**REQUIRED WORK**: Pictures stay out of the copy; set down each line of the listing below exactly.

**SUPPLIED INFORMATION**:
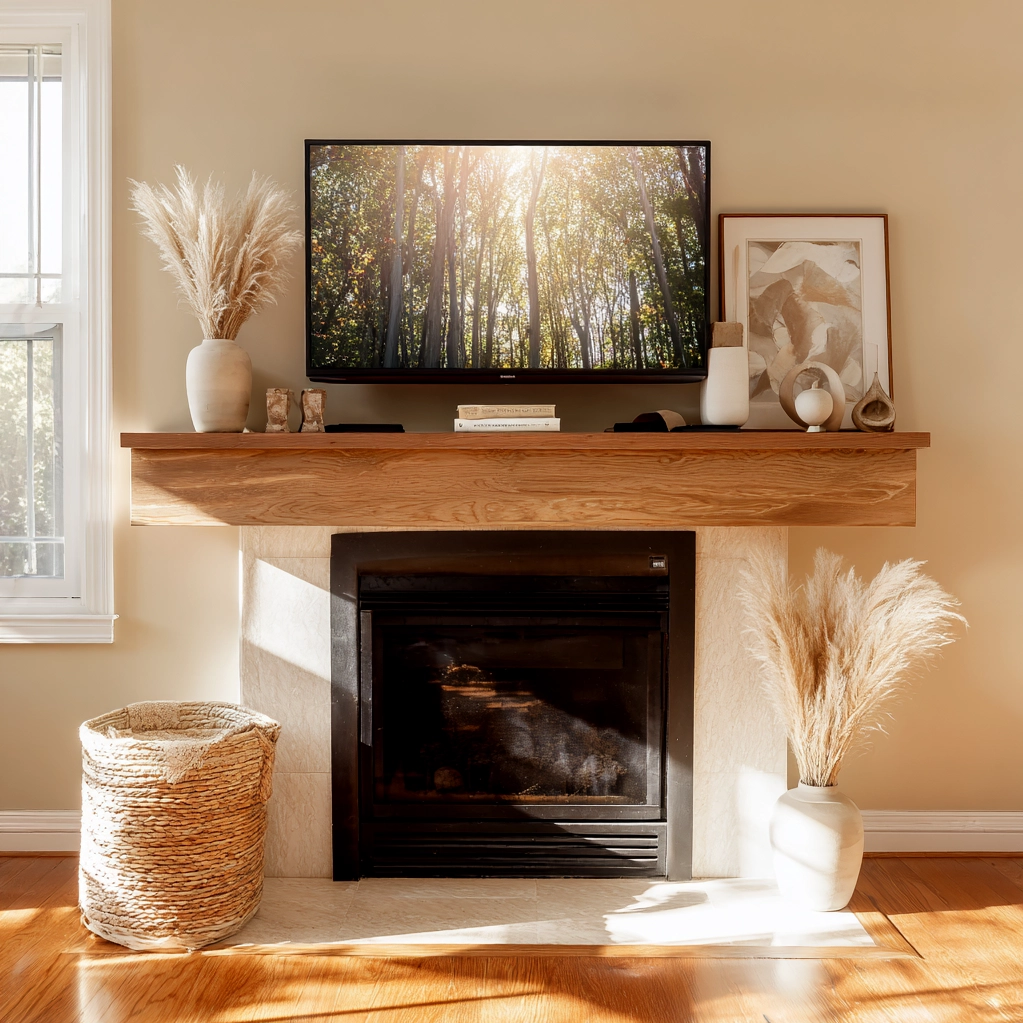 mantle decorating ideas with tv above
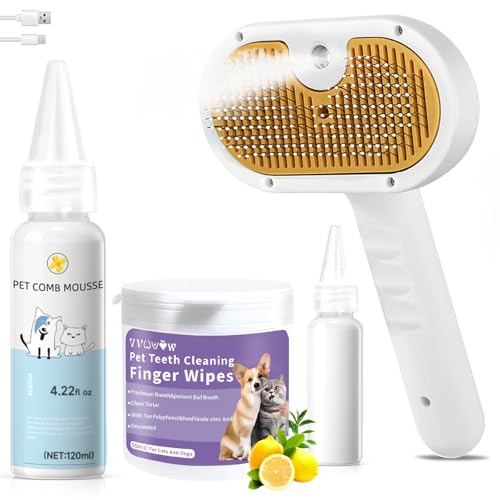 Pet Steam Brush for Dog & Cat – 3-in-1 Spray Hair Removal Comb for Shedding & Grooming, Softens Fur & Reduces Static – Water Brush for Long & Short Coats, Bath-Hating Pets, Includes Waterless Shampoo - size: 7.8″-171ML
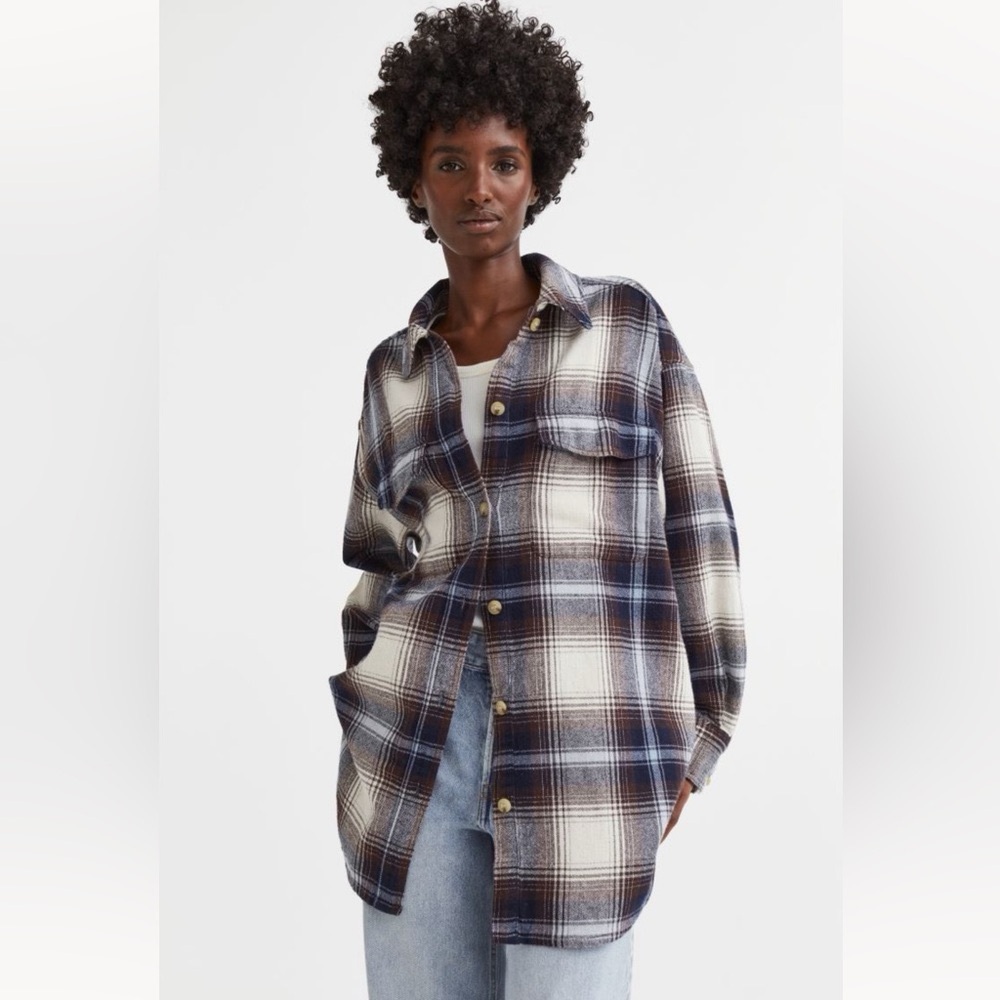 H&M Oversized Plaid Flannel Shacket - Size M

**RESPONSE TO THE TASK**:
 mantle decorating ideas with tv above
 Pet Steam Brush for Dog & Cat – 3-in-1 Spray Hair Removal Comb for Shedding & Grooming, Softens Fur & Reduces Static – Water Brush for Long & Short Coats, Bath-Hating Pets, Includes Waterless Shampoo - size: 7.8″-171ML
 H&M Oversized Plaid Flannel Shacket - Size M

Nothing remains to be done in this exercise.